Les projets de compensation de carbone se seraient-ils trompés d’adresse ? Contrairement à ce qui était communément admis, les zones tropicales ne seraient pas les plus intéressantes à reboiser pour lutter contre le changement climatique. Il vaudrait mieux cibler certaines zones nordiques. Et encore, pas toujours...
Forêt de Sibérie, près de Novosibirsk. © Beggs CC by

Forêt de Sibérie, près de Novosibirsk. © Beggs CC by

Parmi les outils de la lutte contre le changement climatique prévus par le Protocole de Kyoto figurent les Mécanismes de Développement Propres. Cet outil consiste à compenser des émissions de CO2 par l'évitement d'émissions futures (amélioration de l'efficience énergétique, production d'énergie renouvelable) ou par le stockage d'une même quantité de dioxyde de carbone. Ce stockage peut notamment se faire par le reboisement. La photosynthèse est en effet une pompe à carbone atmosphérique qui stocke celui-ci sous forme de matière organique, en particulier de bois.

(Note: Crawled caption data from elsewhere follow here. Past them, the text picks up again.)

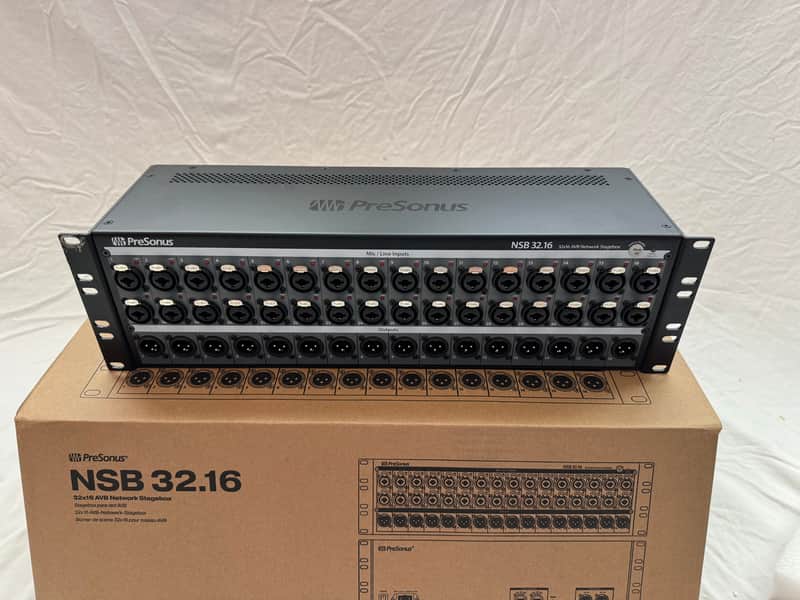 PreSonus NSB 32.16 32-Channel Stagebox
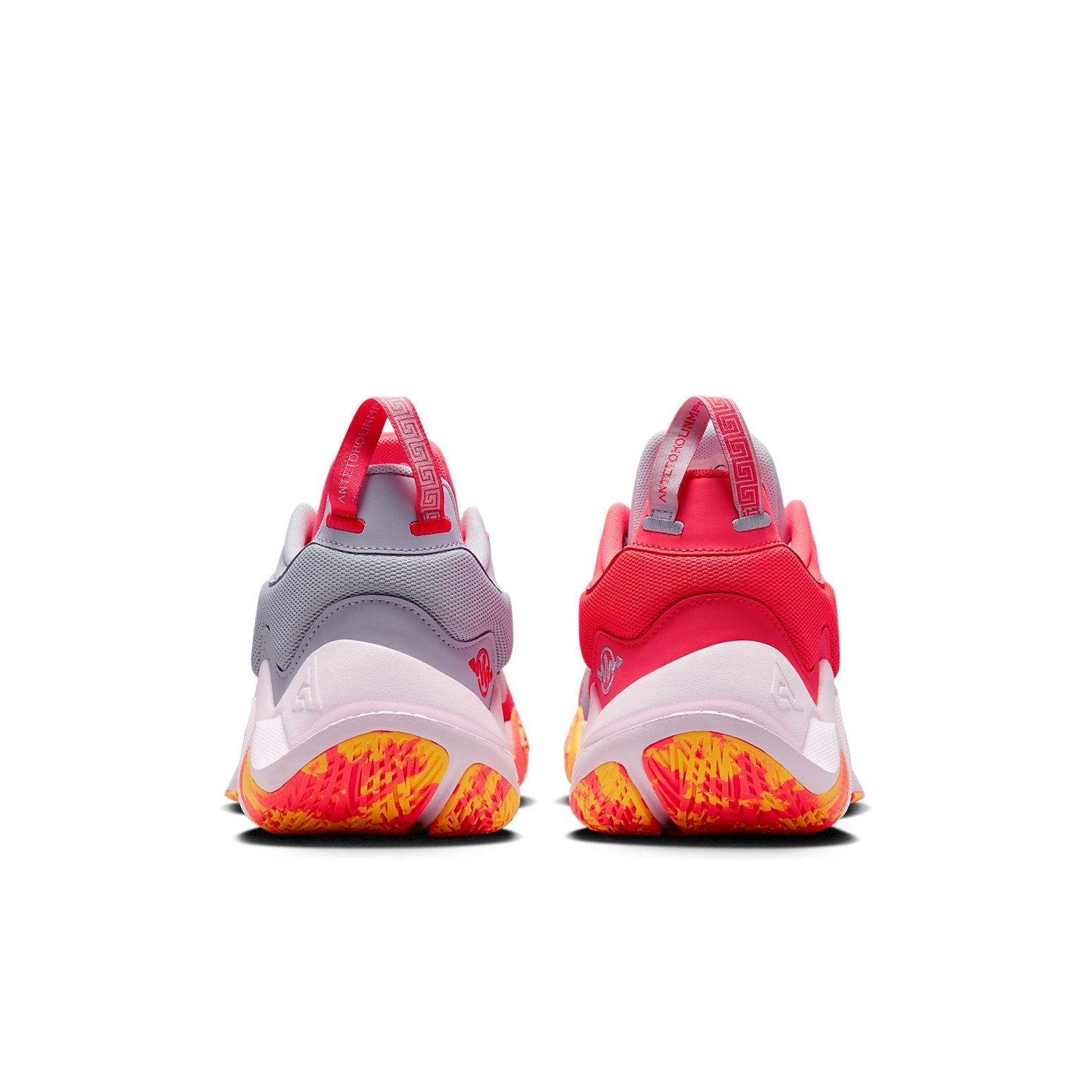 Nike Giannis Immortality 2 'Oxygen Purple Hot Punch' DM0825-600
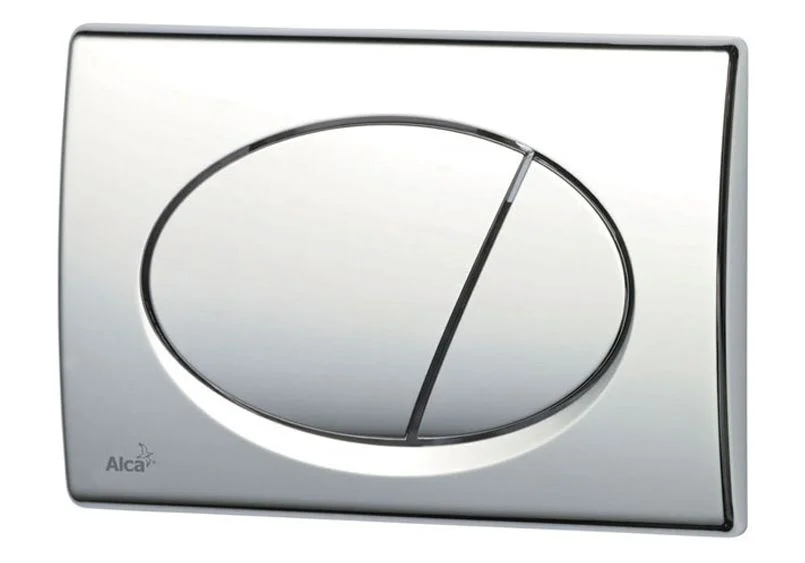 Приобрести инсталляция для подвесного унитаза alcaplast set 3v1 am101/1120+m71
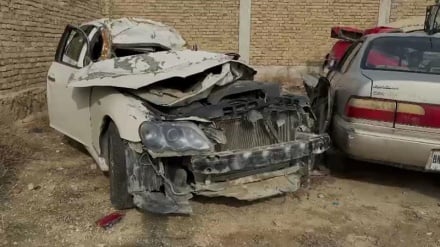 نگرانی‌ها از افزایش رویدادهای ترافیکی در بلخ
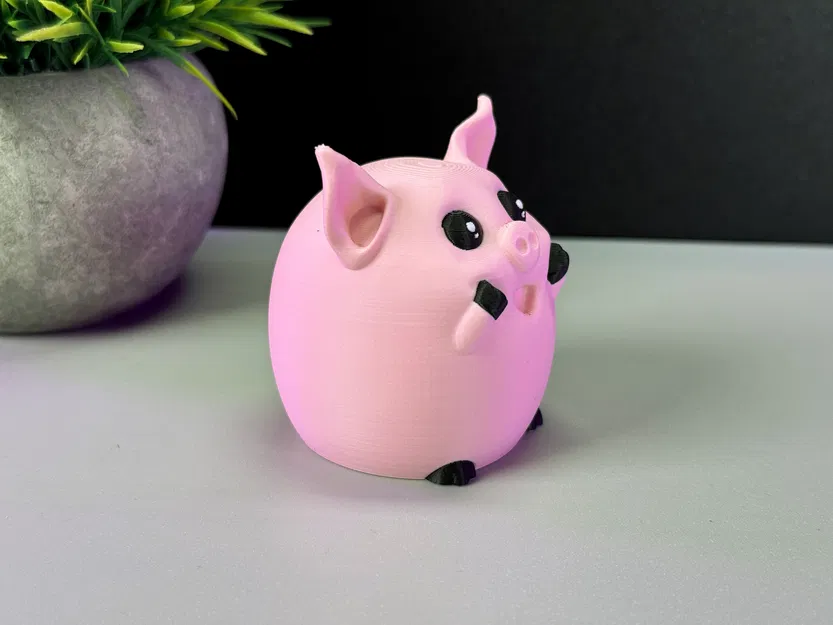 Heo Con Dễ Thương - Image 3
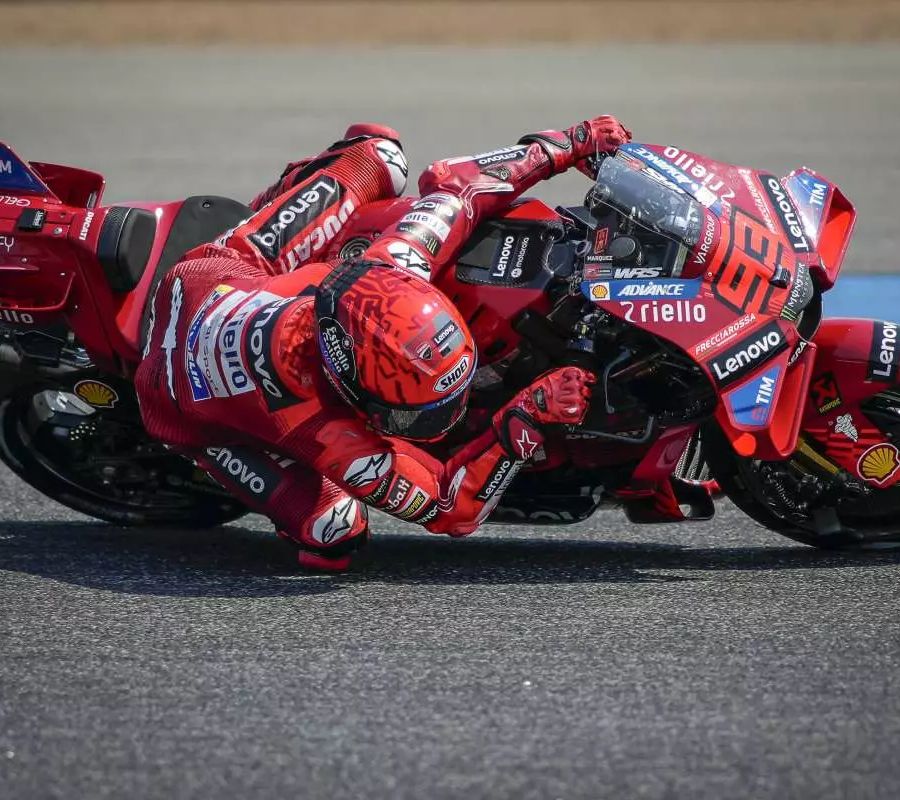 Marc Marquez vince la Sprint in Argentina, Bagnaia terzo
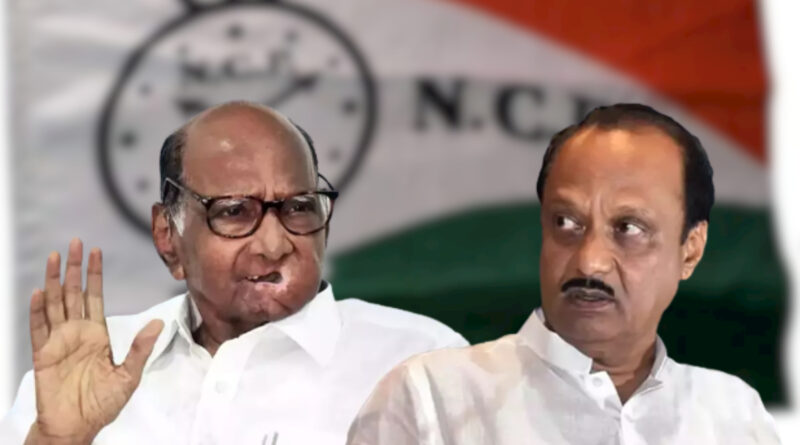अजित पवार की NCP में सेंधमारी, 4 नेताओं ने पार्टी से दिया इस्तीफा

Mais lors du changement d'affectation des sols, c'est-à-dire du passage de parcelles cultivées à des parcelles forestières, un deuxième effet est à prendre en compte : la modification de l'albédo terrestre. Plus l'albédo est important, plus l'énergie parvenant au sol, et donc la chaleur, est renvoyée vers l'espace. Si l'énergie est conservée sur Terre, par exemple piégée par les gaz à effet de serre, la planète subit un réchauffement climatique. Or l'albédo d'une forêt est inférieur à celui de la plupart des cultures et encore plus particulièrement à celui de la neige.

L’attitude non fiable des latitudes

Par ailleurs, comme les plantes ont une croissance plus rapide aux basses latitudes grâce à l'ensoleillement et aux précipitations tropicales, il semblait logique que ces régions soient les plus aptes à accueillir les projets de boisements visant à stocker le CO2. Les conclusions des modèles climatiques étaient donc qu'aux basses latitudes, les forêts étaient plus efficaces pour contrer le réchauffement climatique.

A l'aide d'observations satellitaires à hautes résolutions (de 0,05 × 0,05° à 1 × 1°), l'équipe d'Alvaro Montenegro, de l'Université de St Francis Xavier, a réalisé le bilan climatique entre l'effet puits de carbone et l'effet albédo des forêts.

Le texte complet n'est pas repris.